Friday 8:45 a.m. Run to school trying to keep up with six-year-old on bike and two-year-old on scooter. Thank my lucky stars they stop at street corners; vow to wear a sports bra every day, forever.
Friday 9:15 a.m. Realize phone is not in the pocket it should be. Conduct embarrassing public TSA-style pat-down of self and admit phone is gone.
Friday 11:00 a.m. Receive email saying stranger found phone. Reply with effusive gratitude, offer to meet to retrieve.
Friday 11:00 p.m. Email again reiterating thanks and offer to meet anywhere, any time. Start insurance claim to replace lost phone, stop when $130 deductible demanded.
Saturday 11:00 p.m. Email again with well wishes for stranger’s weekend and mention of wide open schedule.
Monday 11:00 a.m. Receive email with request for address, apologies and explanation for weekend silence. Reply with casual understanding, address information, and repeated offer to meet.

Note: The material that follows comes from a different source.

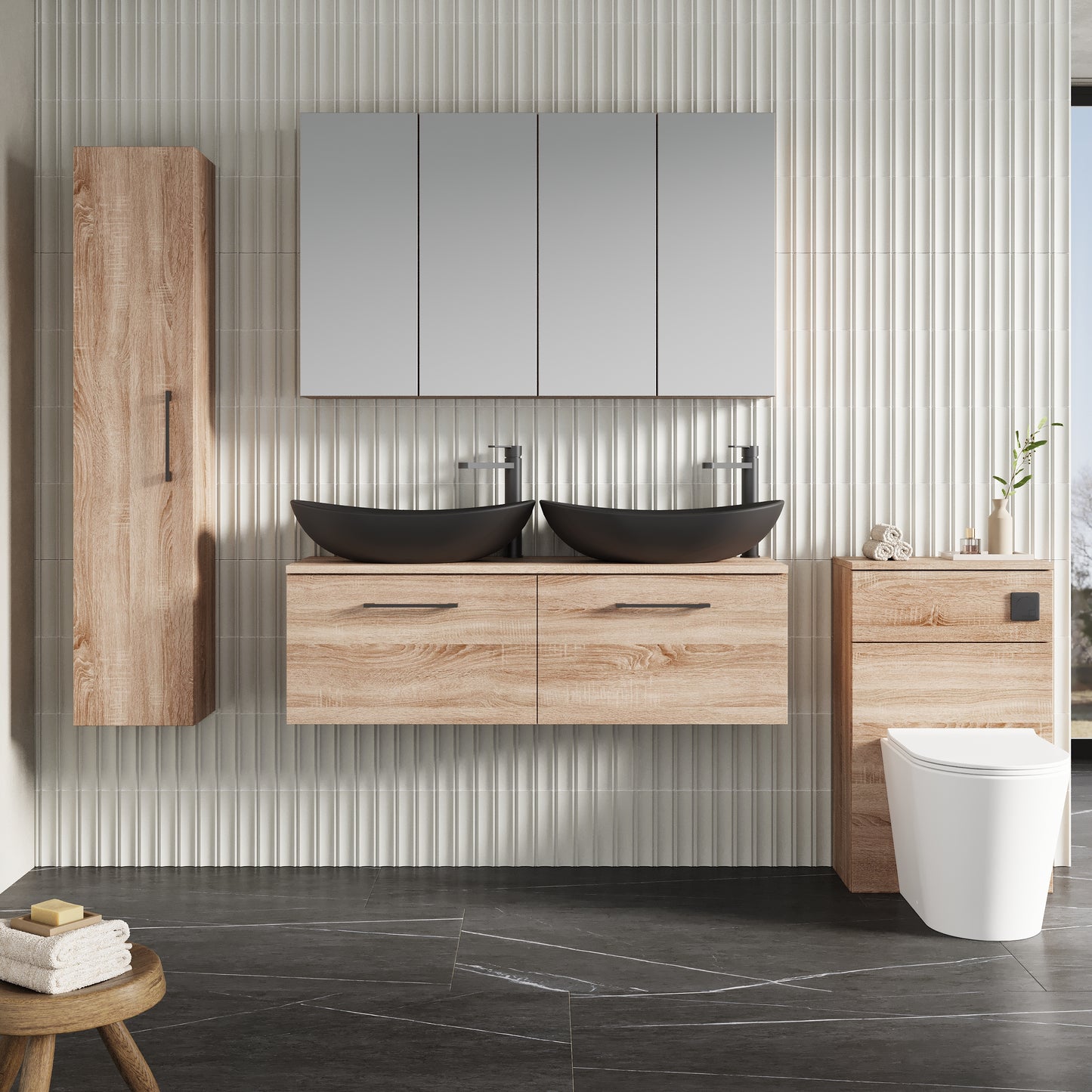 NUIE 1200mm Wall Hung 2-Drawer Vanity & Worktop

Tuesday 11:00 a.m. Find phone in mailbox with broken back piece. Try to charge but realize shell is too damaged. Check email and see a long message apologizing for the phone that probably doesn’t work, with explanation of a non-profit rescue at sea of two children involving an overloaded dingy, erroneous captain assurances, and bailing out. Email includes apology for the phone’s probable demise in the salt water that soaked everyone on the boat and a reminder that the stranger’s heart was in the right place.

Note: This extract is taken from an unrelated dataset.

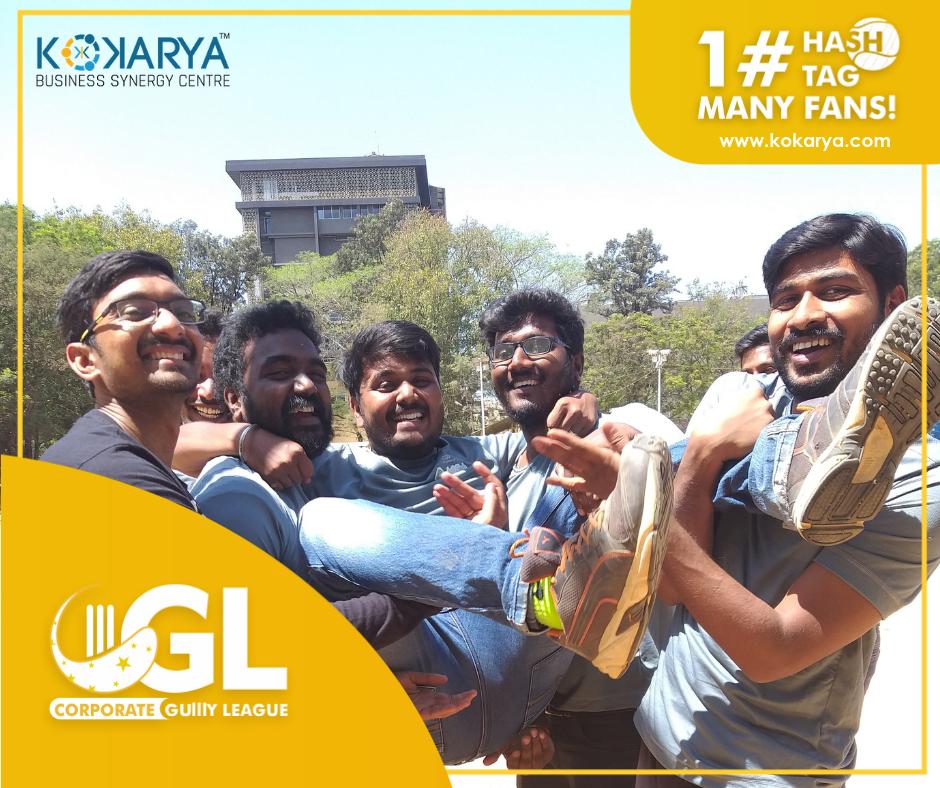 KokaryaBusiness's tweet photo. A victorious, yet fun moment with the winners of the Corporate Gully League, Team Starks!

#CGL #Bakeflicks #TinggCreation #Kokarya #Cricket #CricketFever #GullyCricket #CareGulllyLeague #YFS #CoEvolve #VinayakaShot https://t.co/HJSwuDAHIR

Tuesday 3:00 pm complete payment on insurance deductible and await new phone on the morrow.
Choose your own ending:
If you want to steal that random and implausible story for your novel, go to page 9. There you will be reminded of copyright and my ownership of that thread of crazy.
If you want to remember never to put your phone in your pocket again, go to page 14. There you will hear a sing-song “I told you so” from several members of my family.
If you want to forbid your children from using wheeled transport to school ever again, turn to page 37. There you will be reminded of how long it takes to get to school if they drag their feet and smell the flowers the whole way.
If you want to vow never to drop your phone where I did, go to page 82. You’ll be taken to a map of the more reasonable and upstanding members of your ‘hood.
If you want to be grateful you have your sim card and storage disk and hope against hope they work in the new phone, turn to page 25. You’ll be given a medal for perspective and general human goodness.
If you want to write a different ending than those offered here, please do.
I’ll take the final option, the sane one. But only because I’m reading your story, not living it, and therefore it’s an easy option to chose. I wish it were that easy in the moment.
I’m taking it, too, Matt, because the whole thing is over.
And because I want to be there when you get your medal.
Leave my phone at home by accident (avoiding the entire drama), and then mentally complain to myself all day. “I can’t beleive I forgot my phone! What was I thinking?!” Because sometimes, there’s no way to win.
Heather, I have no idea it would feel like to beat myself up about mistakes because I’m completely forgiving of all my flaws.
Bahahaha ha ha ha. Ha.
Ahem.
I think you’ve covered it. Unless, of course, we want to crawl back to the dark ages when cell phones were the thing of the Jetsons and if we wanted to make a phone call we did it from home or (gasp!) at a germ infested pay phone. Otherwise, we just waited until we saw the person, in person.
Ahhhh. Those were the days.
Jane, in my day you always made sure to have two dimes with you when you left the house because one wasn’t enough for a long call, nor if your first call was answered by one of those horrible new “machines” for taking messages.
Then it cost a quarter. And that’s why cell phones were invented. Because seriously? A quarter?